Evidemment, son accueil sur le territoire national avait suscité l’ire d’Israël. « La France s’est honorée d’avoir dénoncé à de nombreuses reprises ce nouvel antisémitisme qu’est la haine d’Israël. Elle ne peut se féliciter d’accueillir sur son sol le militant Ramy Shaath, fondateur du mouvement BDS en Egypte dont il vient d’être expulsé », avait réagi l’ambassade israélienne à Paris le 9 janvier 2022 sur X. « Le boycott et l’incitation à la haine d’Israël et des Juifs sont interdits par les lois françaises. Nous sommes déçus, alors que la France a récemment adopté la définition opérationnelle de l’antisémitisme, incluant la haine d’Israël. »

Qui est son épouse Céline Lebrun ?

Céline Lebrun-Shaath n’est pas en reste puisqu’en plus de son mari elle a aussi épousé ses thèses. Ainsi, on la voit tweeter contre Alexis Corbière lorsque celui affirme que « Le Hamas n’est pas un mouvement de résistance », elle rétorque « la gauche française en perdition». Pour elle, le Hamas est bel et bien un mouvement de résistance. Elle a aussi vertement critiqué la position de EELV condamnant les attaques du Hamas et faisant surtout un douteux parallèle entre les nazis et les Israéliens, les résistants et le Hamas : « Face à l’occupation nazie, nous étions des résistants. Face à l’occupation israélienne, ce sont des terroristes. Puisse l’esprit de la libération et du CNR souffler sur EELV et tous ceux qui jettent la pierre à un peuple en lutte pour sa liberté depuis plus de 75 ans ! » Aucun tweet en revanche à signaler le 7 octobre, jour de l’attaque terroriste du Hamas. Néanmoins, dès le lendemain, elle condamnera avec la plus grande fermeté la riposte de Tsahal. Sur sa bio, on peut lire le hashtag FreeThemAll en soutien aux prisonniers palestiniens… Tout un symbole.

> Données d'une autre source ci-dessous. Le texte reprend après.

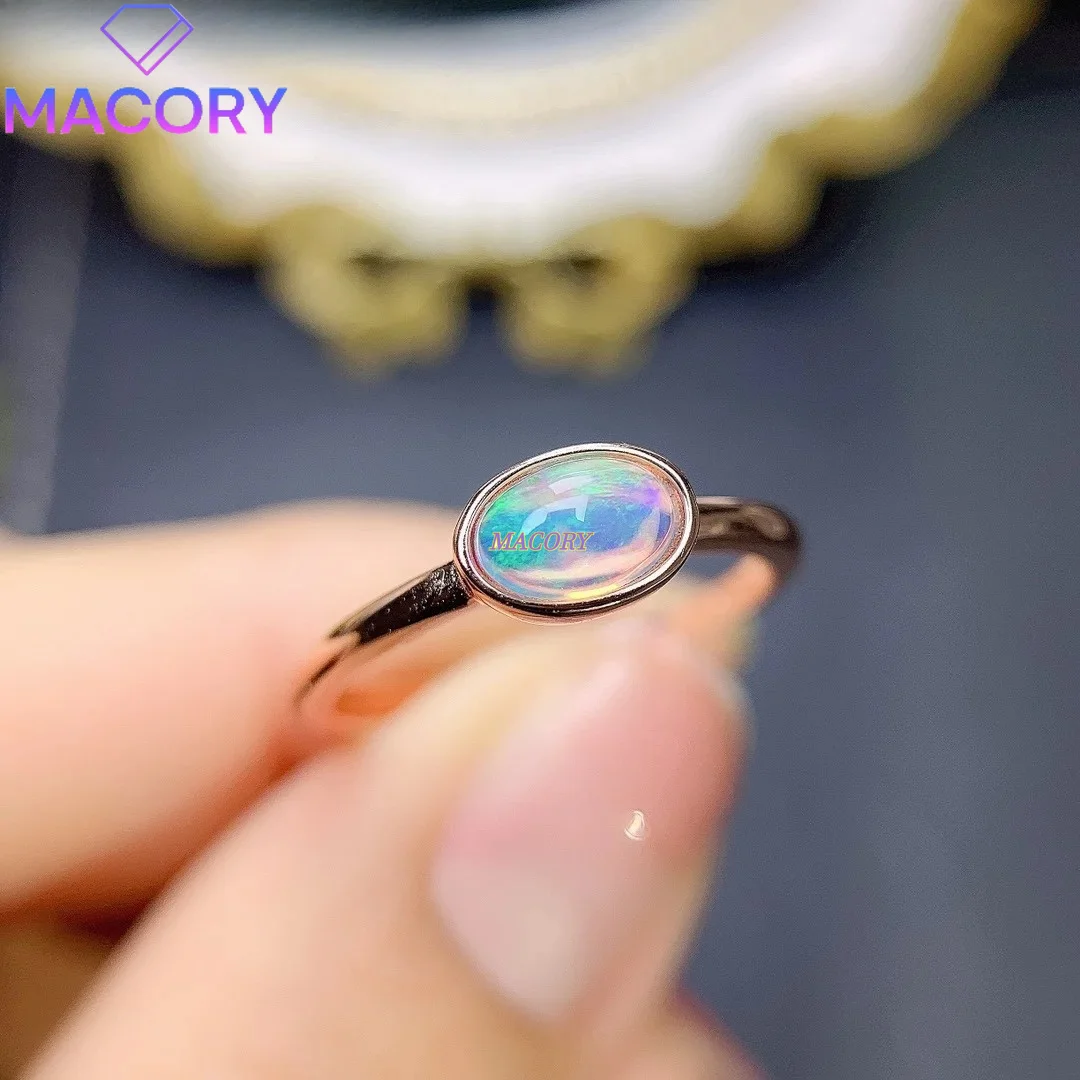 Colored Opal Rings 925 Sterling Silver Oval 4*6mm Rings Fashion Jewelry Wedding Rings Ladies Luxury Jewelry Free Shipping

Autre fait notable, en 2016, Cécile Lebrun, déjà en poste au Caire, publiait occasionnellement dans L’Orient XXI, une revue spécialisée sur le Proche-Orient dans laquelle collabore activement (elle siège au comité éditorial), Sophie Pommier, ex-consultante du Quai d’Orsay, surprise en train d’arracher des affiches d’otages israéliens, provoquant l’embarras de la ministre Catherine Colonna qui a été contrainte de réagir par communiqué de presse le 7 novembre dernier. Or, l’une des chroniques de Céline Lebrun portait à l’époque sur la série populaire égyptienne « Harat al-Yahoud ». Une série dans laquelle, elle reproche « la caricature des Palestiniens » et une « vision manichéenne des Frères Musulmans » présentés de manière trop négative.

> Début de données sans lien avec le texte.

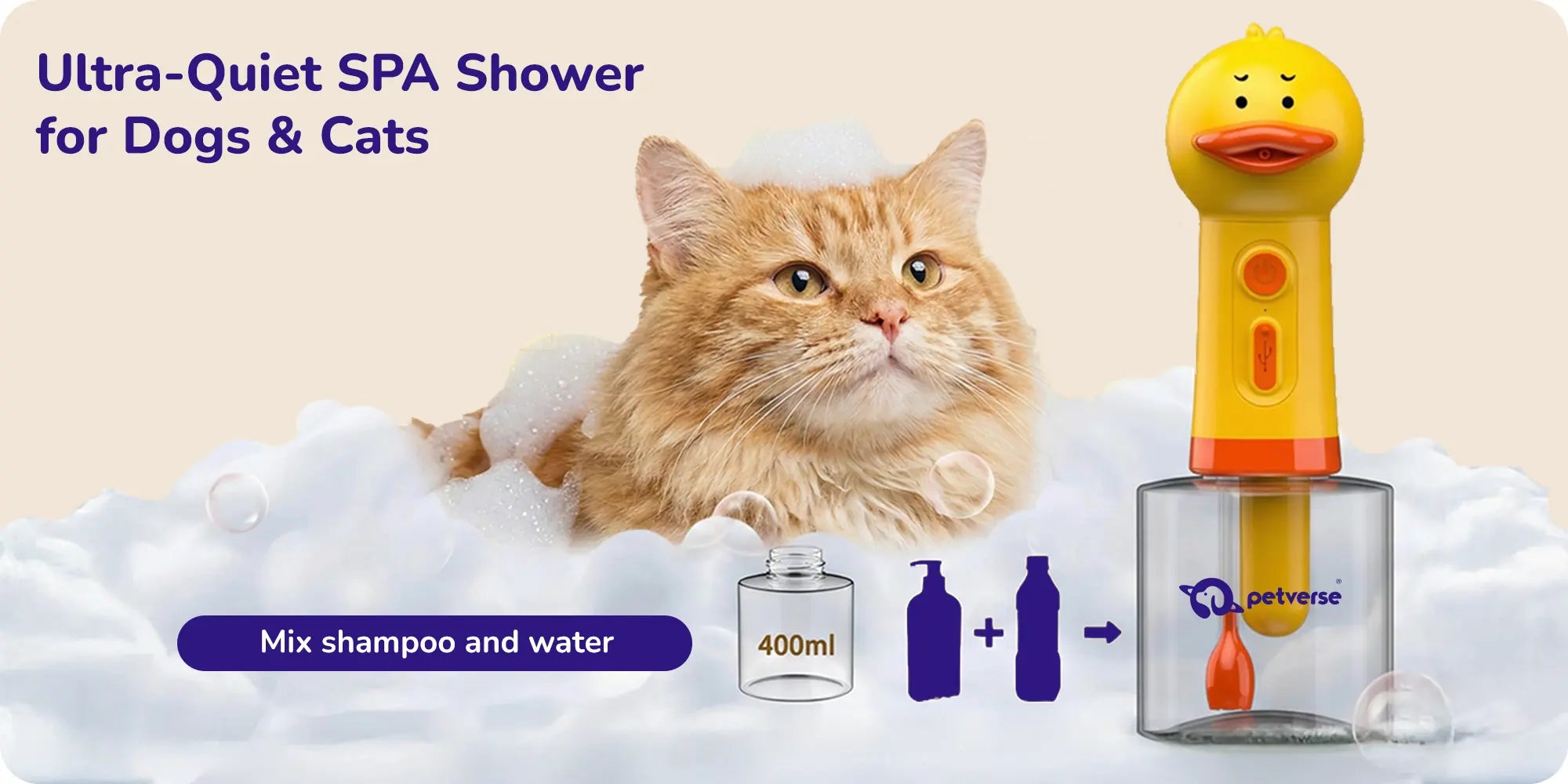 Ultra-quiet pet shower with foam, showing a cat and a duck-head grooming tool with a shampoo mixing guide.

Ramy Shaath et Sophie Pommier, ex-intervenants d’Amnesty International

Au journaliste du Monde Benjamin Barthe, lui demandant comment il voyait sa vie en France, Ramy Shaath a déclaré le 19 janvier 2022 : « Je vais continuer à me battre pour la libération des prisonniers d’opinion et l’autodétermination des Palestiniens, les deux causes qui ont mené à mon arrestation. J’ai déjà reçu des invitations à m’exprimer devant des parlements, des organisations. » En effet, le militant a enchaîné les conférences notamment à Sciences-Po Lyon, sous le haut parrainage d’Amnesty International mais également dans l’antenne du Quartier Latin d’Amnesty International. Le 24 novembre prochain, devrait en effet se tenir à Paris une conférence intitulée « La Face sombre de l’Egypte » dans laquelle sont sensés intervenir Ramy Shaath et… Sophie Pommier.

Contacté par Valeurs Actuelles à propos de cet événement, Amnesty International s’est empressé de rétro-pédaler. Un responsable au siège de l’ONG nous a déclaré que « compte tenu du contexte, la conférence aura bien lieu mais sans Ramy Shaath et Sophie Pommier ». En outre, ce responsable a tenu à déclarer que Amnesty International « condamnait sans réserve le fait d’avoir arraché des affiches de solidarité avec les otages retenus par le Hamas », qualifiant cette prise d’otage de « crime de guerre ». Quelques minutes plus tard, l’association est allée plus loin en supprimant l’événement cet après-midi.